Web page caption snippets
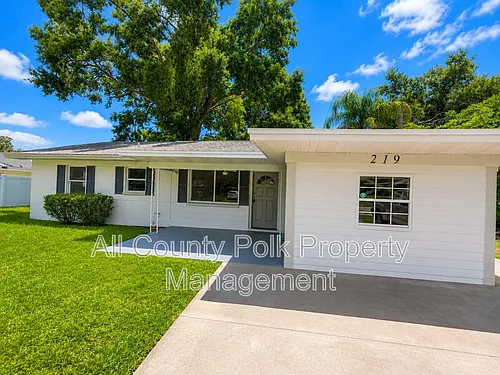 219 Palm Ave Photo 1 219 Palm Ave Photo 1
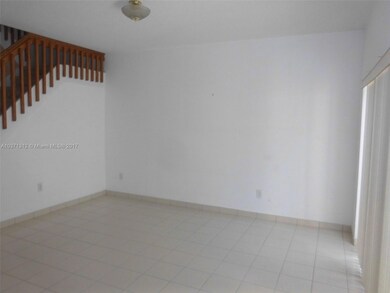 LIVING ROOM WITH GARDEN - PATIO VIEW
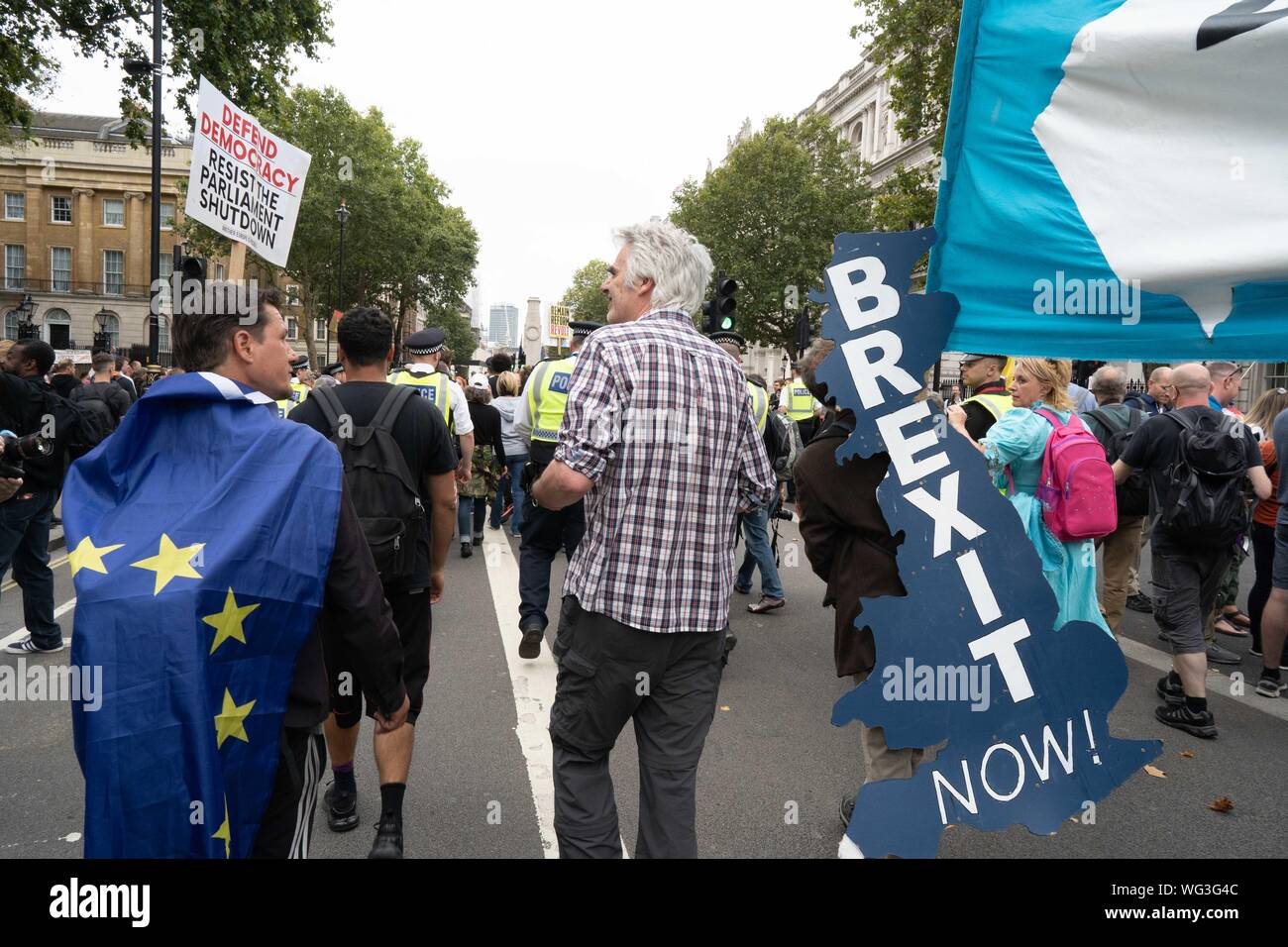 London, Großbritannien. 31 Aug, 2019. Pro-Brexit Unterstützer vermischen sich mit Anti-Brexit Unterstützer im Whitehall während der Demonstrationen. Tausende von Menschen im ganzen Land versammelt, um gegen Boris Johnson proroguing Parlament. Credit: SOPA Images Limited/Alamy leben Nachrichten Stockfoto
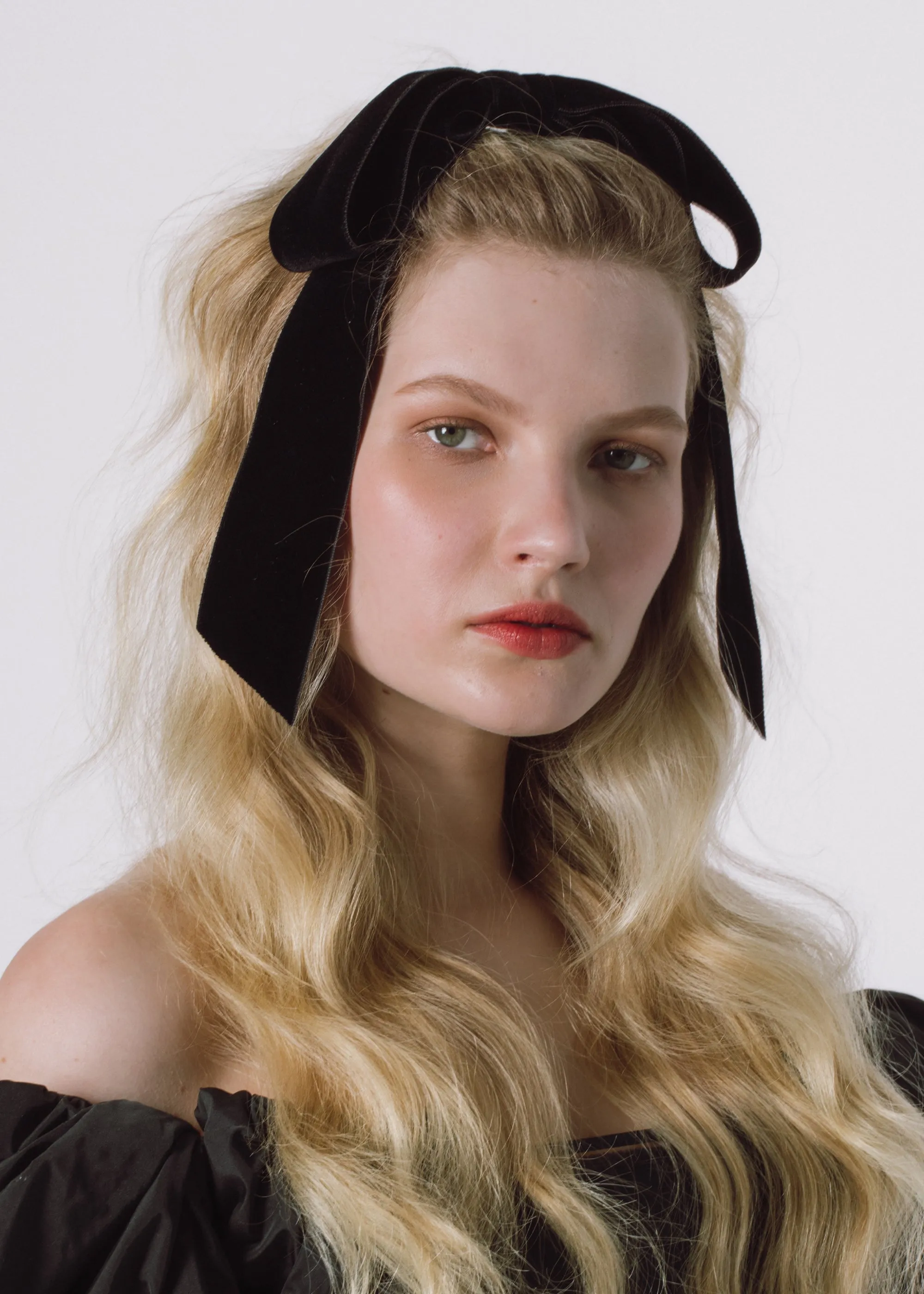 Adley Velvet Bow Barrette -- Black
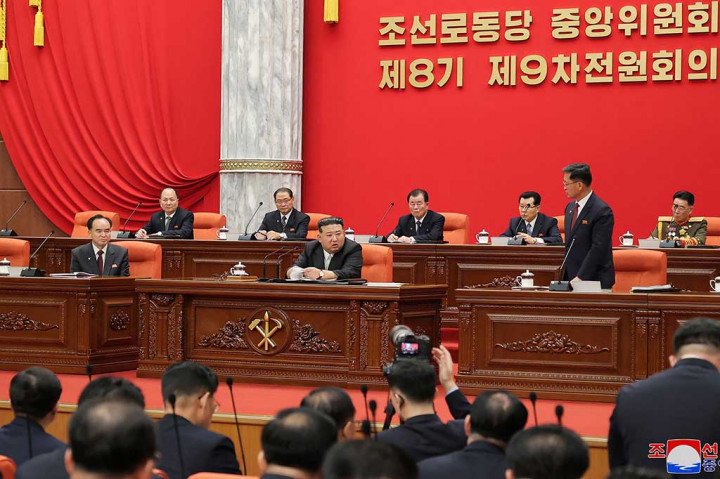 Berbicara mengenai arah kebijakan untuk tahun baru pada pertemuan penting partai yang berkuasa di negara itu pada Rabu, 27 Desember, Kim juga mengatakan Pyongyang akan memperluas kerja sama strategis dengan negara-negara independen antiimperialis. 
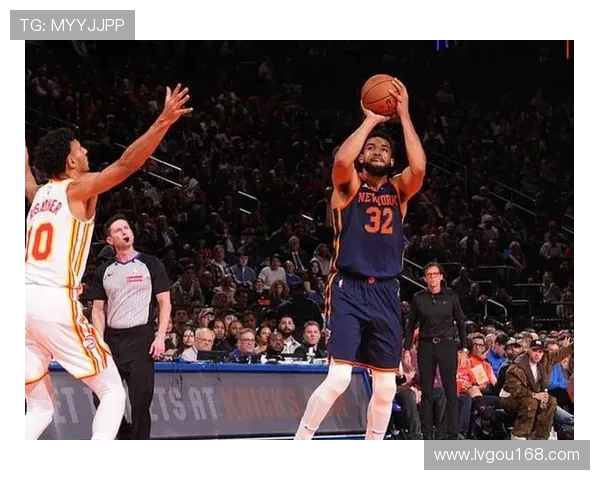 2018年NBA季后赛老鹰与尼克斯激战回顾精彩瞬间与战术分析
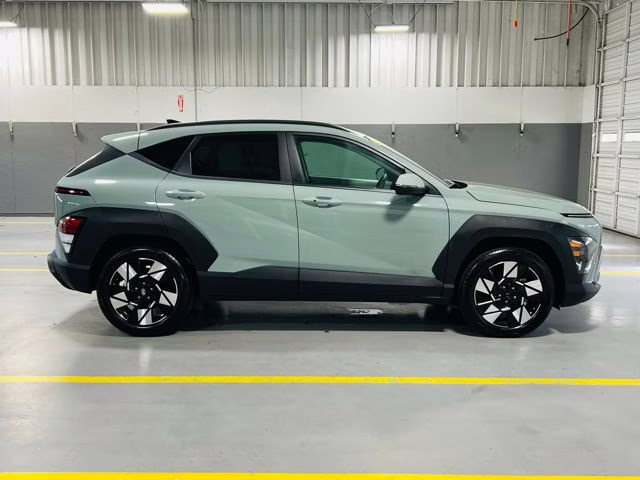 2025 Mirage Green Hyundai Kona SEL FWD SUV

• _Task instructions_
Output all of the records word for word, and keep the pictures out of the copy.

• _Task result_
 219 Palm Ave Photo 1 219 Palm Ave Photo 1
 LIVING ROOM WITH GARDEN - PATIO VIEW
 London, Großbritannien. 31 Aug, 2019. Pro-Brexit Unterstützer vermischen sich mit Anti-Brexit Unterstützer im Whitehall während der Demonstrationen. Tausende von Menschen im ganzen Land versammelt, um gegen Boris Johnson proroguing Parlament. Credit: SOPA Images Limited/Alamy leben Nachrichten Stockfoto
 Adley Velvet Bow Barrette -- Black
 Berbicara mengenai arah kebijakan untuk tahun baru pada pertemuan penting partai yang berkuasa di negara itu pada Rabu, 27 Desember, Kim juga mengatakan Pyongyang akan memperluas kerja sama strategis dengan negara-negara independen antiimperialis. 
 2018年NBA季后赛老鹰与尼克斯激战回顾精彩瞬间与战术分析
 2025 Mirage Green Hyundai Kona SEL FWD SUV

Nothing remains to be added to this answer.